If connecting doesn't work:
* If the profiled program is on a separate machine, make sure you've correctly
set up port forwarding.
* On Android, the `adb forward` many need to be run again.
* Make sure that the profiled program is still running. Do you need
`TRACY_NO_EXIT=1`?
* Kill the profiled program and restart it.
You should then start seeing a profile.
Before going further, check that your profile has sampling data recorded, not
just instrumentation data. Click the 'Statistics' button at the top. The window
that it opens should show a 'Sampling' radio button next to 'Instrumentation'.
Back to the main view, look for the 'Main thread' label on the far left. Next to
it should be a small ghost icon. If either of these things are missing, you need
to fix that first, because many of Tracy's interesting features rely on
smapling. Most likely this is a permissions issue: make sure that you have
performed the steps outlined in the above section on permissions. As an
experiment, retry with the profiled program running as root. Look for any
interesting `stderr` message (in the profiled program's terminal). Try
`strace`'ing it.
Besides sampling, let's check that you also have "systrace" working. In the
initial main view, on the far left, you should see a list of CPU cores,
typically labelled `CPU0`, `CPU1`, etc. To the right, a timeline view should
show system-wide activity on all these CPUs - so for instance you can see
context switches and you can see if anything else happened on your device that
could have interfered with the benchmark's performance. If this "systrace"
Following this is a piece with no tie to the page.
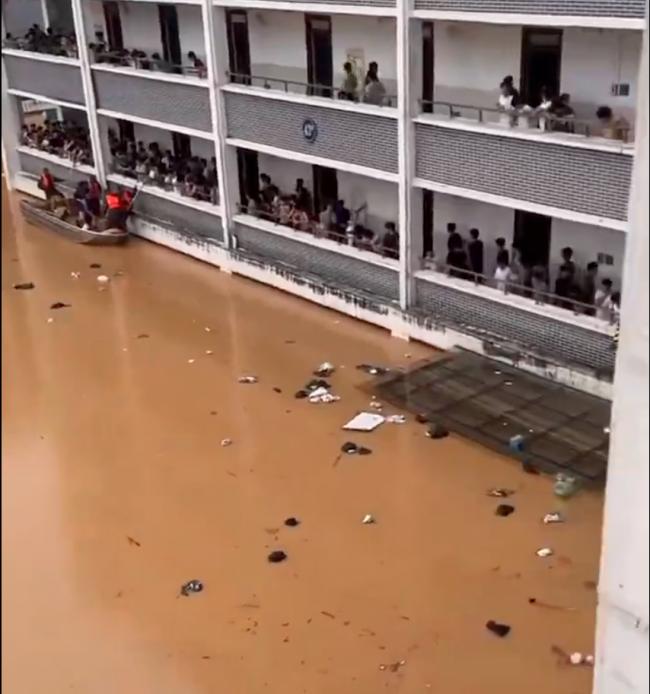�����������б��� ����ʦ������ �ҳ�����������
functionality isn't working, then again that's likely a permissions issue,
perform the same troubleshooting as above about sampling.
Finally, look for the part of the timeline that is of interest to you. Your area
of interest might not be on the Main thread. In fact, it might be on a thread
that's not visible in the initial view at all. Indeed, the initial view tends to
be zoomed-in a lot. Either use the mouse directly to zoom out and navigate, to
look for the 'Frame' control at the top of the Tracy window. Use the 'next
frame' arrow button until more interesting threads appear. Typically, IREE
generated code tends to run on a thread named `cpu0`, which is actually a thread
name and unrelated to `CPU0` from the systrace view.
Once you click a zone, you should see a line-by-line or
instruction-by-instruction view annotated with the percentage of time spent. If
you don't see the percentages, then again that would point to sampling not
working, refer to the above steps.
## Configuring Tracy instrumentation
Set IREE's `IREE_TRACING_MODE` value (defined in
[iree/base/tracing.h](https://github.com/google/iree/blob/main/iree/base/tracing.h))
to adjust which tracing features, such as allocation tracking and callstacks,
are enabled.